Data supplied:

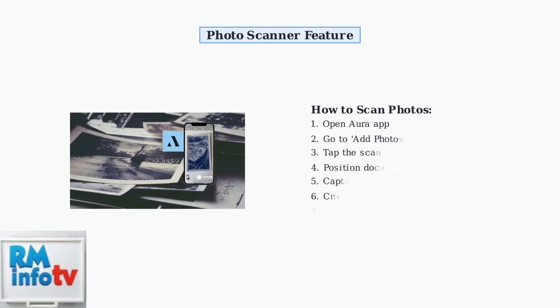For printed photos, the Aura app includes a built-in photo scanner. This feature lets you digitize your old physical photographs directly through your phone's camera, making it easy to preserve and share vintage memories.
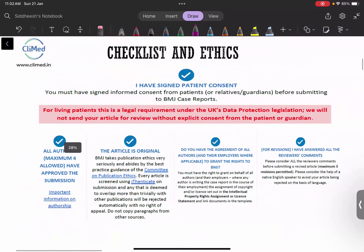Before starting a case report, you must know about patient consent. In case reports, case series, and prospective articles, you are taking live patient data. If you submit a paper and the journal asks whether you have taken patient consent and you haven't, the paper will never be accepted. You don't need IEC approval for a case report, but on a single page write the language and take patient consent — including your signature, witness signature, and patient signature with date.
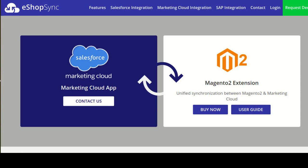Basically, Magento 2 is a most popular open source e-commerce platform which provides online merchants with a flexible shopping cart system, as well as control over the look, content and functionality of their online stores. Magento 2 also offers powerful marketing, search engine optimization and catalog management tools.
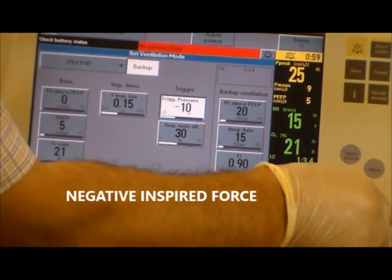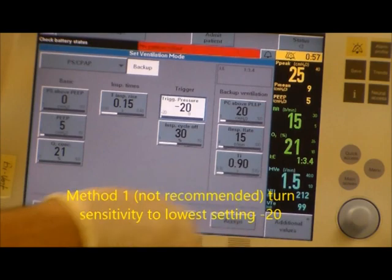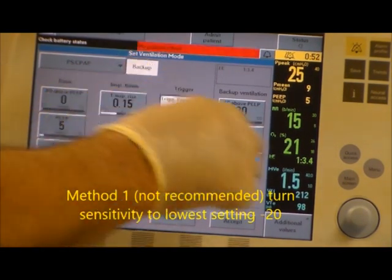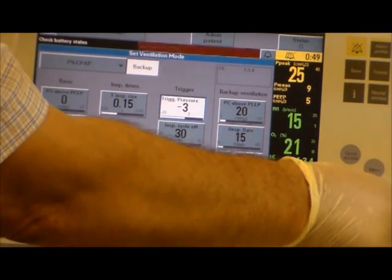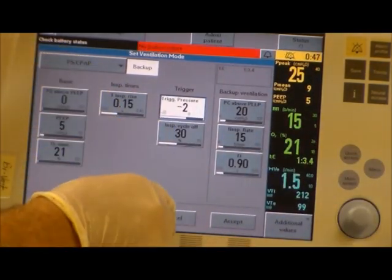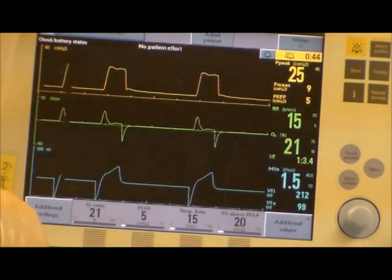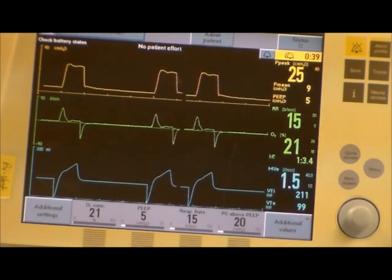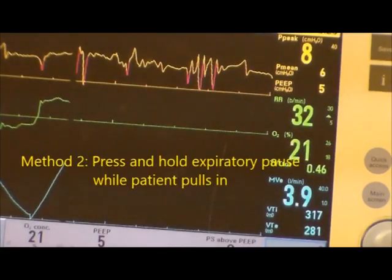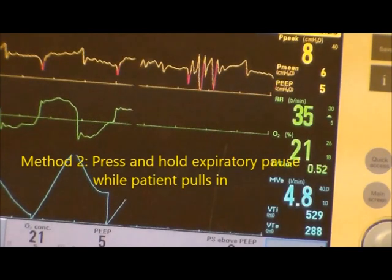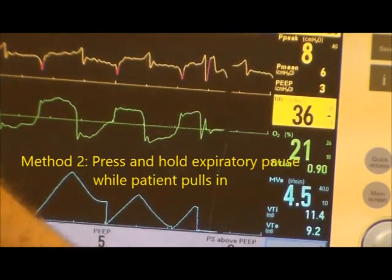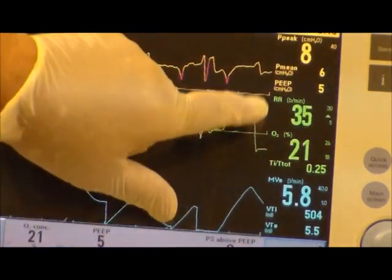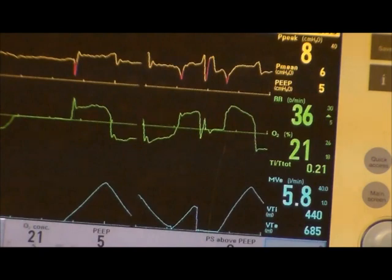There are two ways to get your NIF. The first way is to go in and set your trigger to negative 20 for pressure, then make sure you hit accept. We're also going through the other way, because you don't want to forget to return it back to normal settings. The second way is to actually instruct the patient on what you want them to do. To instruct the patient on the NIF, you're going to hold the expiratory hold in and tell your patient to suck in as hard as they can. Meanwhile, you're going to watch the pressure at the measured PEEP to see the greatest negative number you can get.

* * *

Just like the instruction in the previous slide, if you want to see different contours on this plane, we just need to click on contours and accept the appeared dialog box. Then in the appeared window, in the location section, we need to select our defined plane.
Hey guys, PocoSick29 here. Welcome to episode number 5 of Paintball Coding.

Problem: Out of the records above, return only the lines from the one with "Before starting a" through the one with "There are two", exactly, and none of the pictures.

Task response:
Before starting a case report, you must know about patient consent. In case reports, case series, and prospective articles, you are taking live patient data. If you submit a paper and the journal asks whether you have taken patient consent and you haven't, the paper will never be accepted. You don't need IEC approval for a case report, but on a single page write the language and take patient consent — including your signature, witness signature, and patient signature with date.
Basically, Magento 2 is a most popular open source e-commerce platform which provides online merchants with a flexible shopping cart system, as well as control over the look, content and functionality of their online stores. Magento 2 also offers powerful marketing, search engine optimization and catalog management tools.
There are two ways to get your NIF. The first way is to go in and set your trigger to negative 20 for pressure, then make sure you hit accept. We're also going through the other way, because you don't want to forget to return it back to normal settings. The second way is to actually instruct the patient on what you want them to do. To instruct the patient on the NIF, you're going to hold the expiratory hold in and tell your patient to suck in as hard as they can. Meanwhile, you're going to watch the pressure at the measured PEEP to see the greatest negative number you can get.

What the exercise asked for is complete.